Model Metrics Value Flops(M) Params(M) test time(ms) bs=1 test time(ms) bs=2 inference time(ms) bs=1 inference time(ms) bs=2
MS-TCN [email protected] 38.8% 791.360 0.8 170 - 10.68 -
ASRF [email protected] 55.7% 1,283.328 1.3 190 - 16.34 -
  • Model: model name, for example: PP-TSM
  • Metrics: Fill in the indicators used in the model test, and the data set used is breakfast
  • Value: Fill in the value corresponding to the metrics index, and generally keep two decimal places
  • Flops(M): The floating-point computation required for one forward operation of the model can be called paddlevideo/tools/summary.pyscript calculation (different models may need to be modified slightly), keep one decimal place, and measure it with data input tensor with shape of (1, 2048, 1000)
  • Params(M): The model parameter quantity, together with flops, will be calculated by the script, and one decimal place will be reserved
  • test time(ms) bs=1: When the python script starts the batchsize = 1 test, the time required for a sample is kept to two decimal places. The data set used in the test is breakfast.
  • test time(ms) bs=2: When the python script starts the batchsize = 2 test, the time required for a sample is kept to two decimal places. The sequential action segmentation model is generally a full convolution network, so the batch of training, testing and reasoning_ Size is 1. The data set used in the test is breakfast.

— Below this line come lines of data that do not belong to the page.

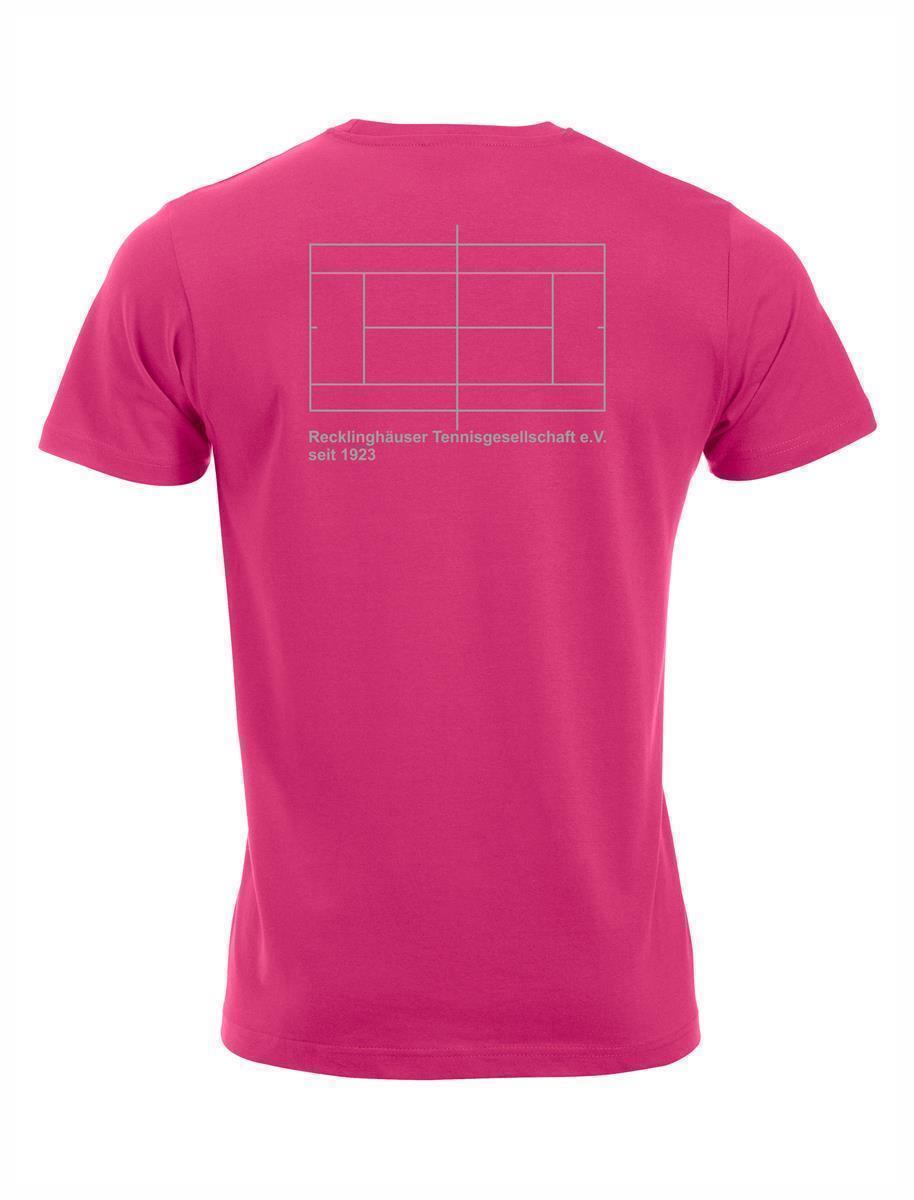 RTG TENNISPLATZ Design T-Shirt Unisex pink mit Druck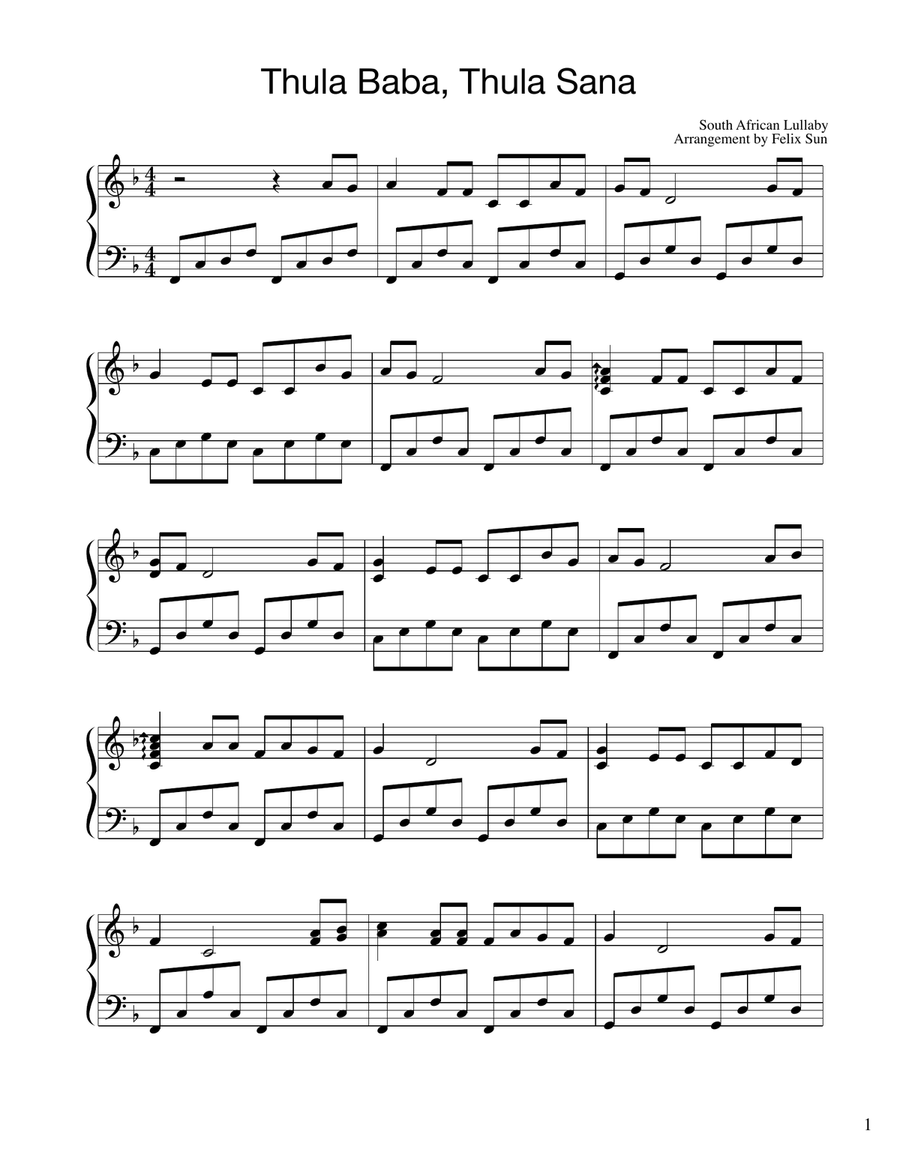 Thula Baba, Thula Sana (Piano Solo - South African Lullaby) Piano Solo scores gallery preview page 1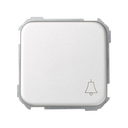 Push-button switch with bell symbol 10A 250V~ and fast terminal connection system aluminium Simon 31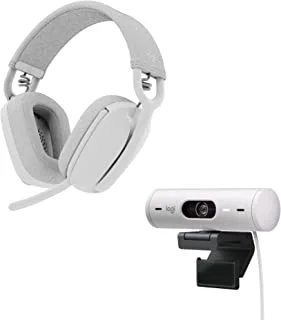 Logitech Brio 500 Full HD webcam and Zone Vibe 100 wireless headphones with noise-canceling mic, works with Microsoft Teams, Google Meet, Zoom, Mac/PC - White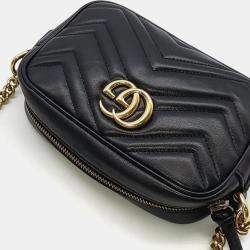 Pre Owned Gucci Black Calfskin Matelasse Mini GG Marmont Camera Crossbody Bag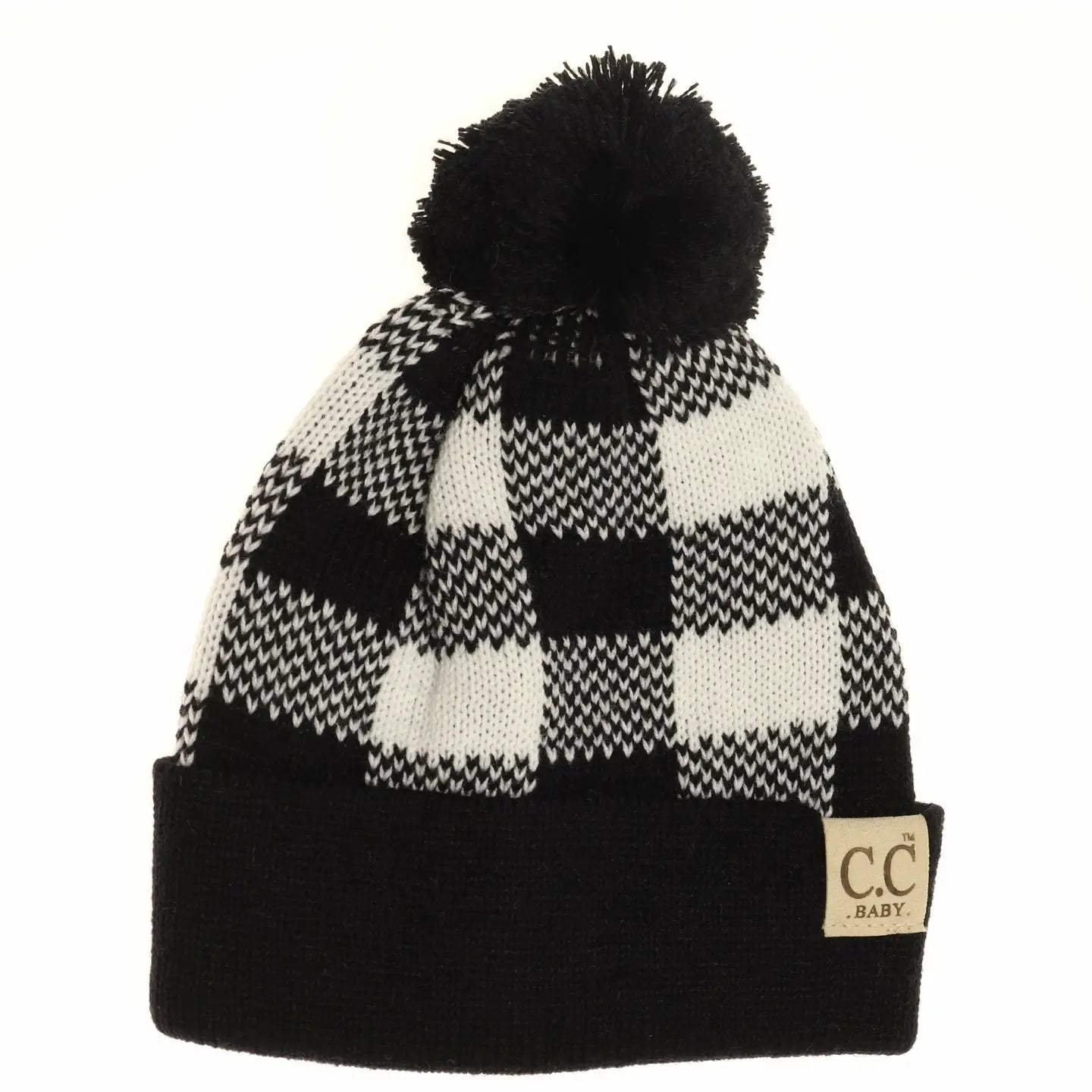 Baby White Buffalo Plaid CC Beanie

  • inference time(ms) bs=1: When the reasoning model is tested with GPU (default V100) with batchsize = 1, the time required for a sample is reserved to two decimal places. The dataset used for reasoning is breakfast.
  • inference time(ms) bs=2: When the reasoning model is tested with GPU (default V100) with batchsize = 1, the time required for a sample is reserved to two decimal places. The sequential action segmentation model is generally a full convolution network, so the batch of training, testing and reasoning_ Size is 1. The dataset used for reasoning is breakfast.